Canadian travellers looking for news on border wait times or travel advisories can say goodbye to the days of multiple online stops. The federal government has just launched Travel.gc.ca, a portal that's expected to be a one-stop spot for travel info, according to Diane Ablonczy, Minister of State of Foreign Affair.
“For the first time ever, we have brought together in one place information from all government departments to help Canadians be informed before, during and after their travels,” said Ablonczy.
The revamped website will combine a wealth of information in a collaborative effort between 11 government partners, including the Canadian Air Transport Security Authority, Passport Canada, and the Public Health Agency of Canada.
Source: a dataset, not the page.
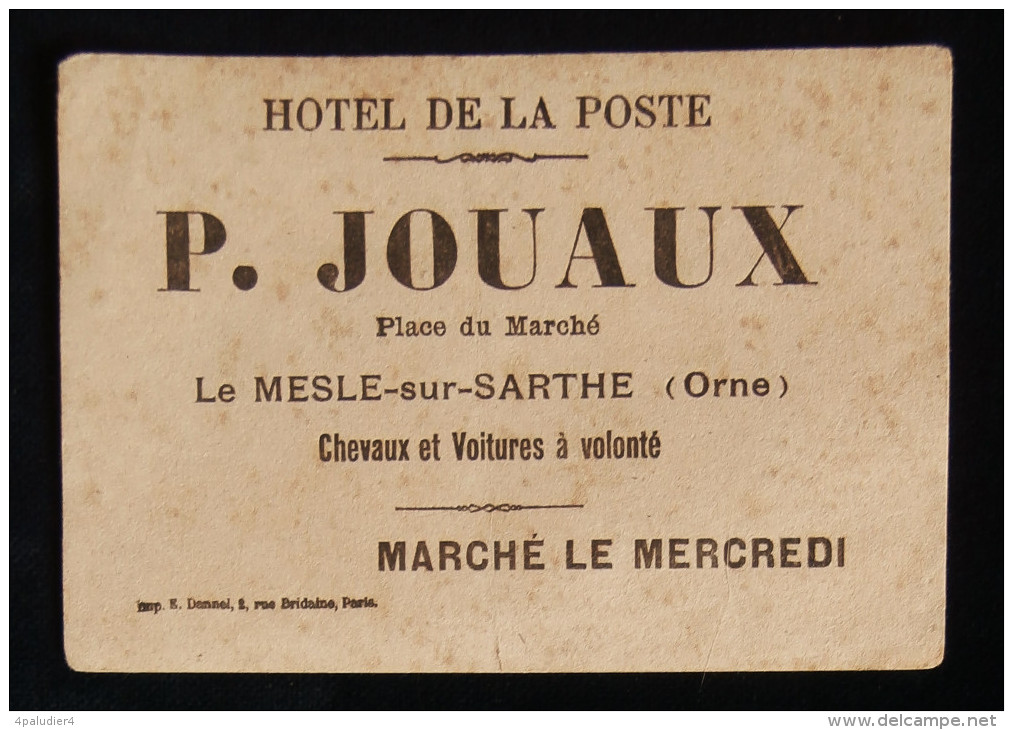 NORMANDIE HOTEL DE LA POSTE P. JOUAUX Place Du Marché LE MESLE-sur-SARTHE ( Orne) Buvard Publicitaire - Other & Unclassified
Running the website will be Foreign Affairs and International Trade Canada and brings similar functionality found in the U.S. travel information website, travel.state.gov.
In addition to streamlining information, the website aims to speed up some processes Canadians have to jump through in order to travel. For example, information about what Canadians can pack in their carry-ons is expected to lead to faster and easier security screenings, reports the Epoch Times
Canadians who aren't near a computer (like most travellers) can still benefit from Travel.gc.ca, as they'll be able to access data like crisis information and emergency contacts through Twitter, Facebook, an RSS feed and email updates. To top it off, there's also a mobile app to download the same information on their smartphones. For the safety conscious, an appealing feature on the app is an optional destination registry to let the federal government know how many Canadians are in an area at any given time.
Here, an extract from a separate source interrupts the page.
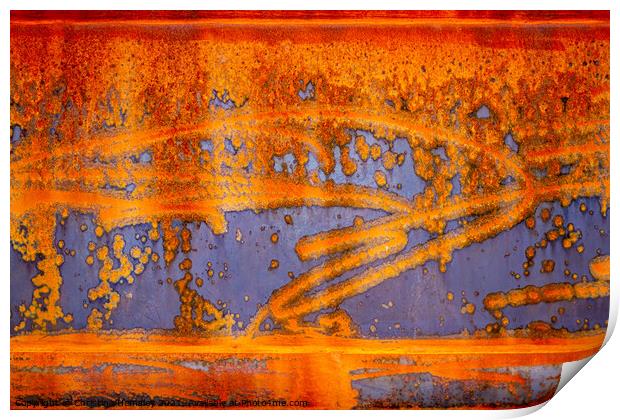 Rust patterns on bare metal Print by Christina Hemsley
As noted by documents acquired CBC News, the site and app mark an effort to strike a balance between serving Canadians abroad amid the Minister of Foreign Affairs' diminishing budget.
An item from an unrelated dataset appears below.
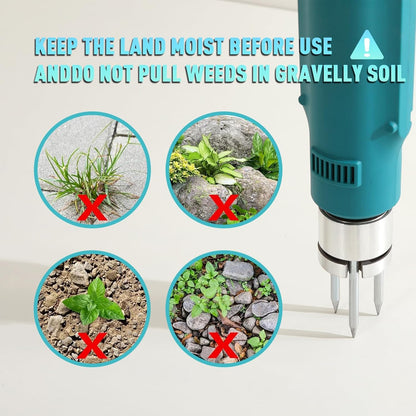 21V Electric Weed Puller Tool, Stand Up Heavy Duty Weed Puller w/3000mAh Battery*2, Root Weeder for Lawn/Yard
Due to growing demands, the government says it must "shape realistic expectations" about what Canadians can count on in dealing with embassies and consular services by "finding alternative and less costly ways to deliver routine services through the better use of technology, and by managing expectations of Canadian citizens living abroad (including those relating to their non-Canadian families) particularly during times of crisis," noted the CBC.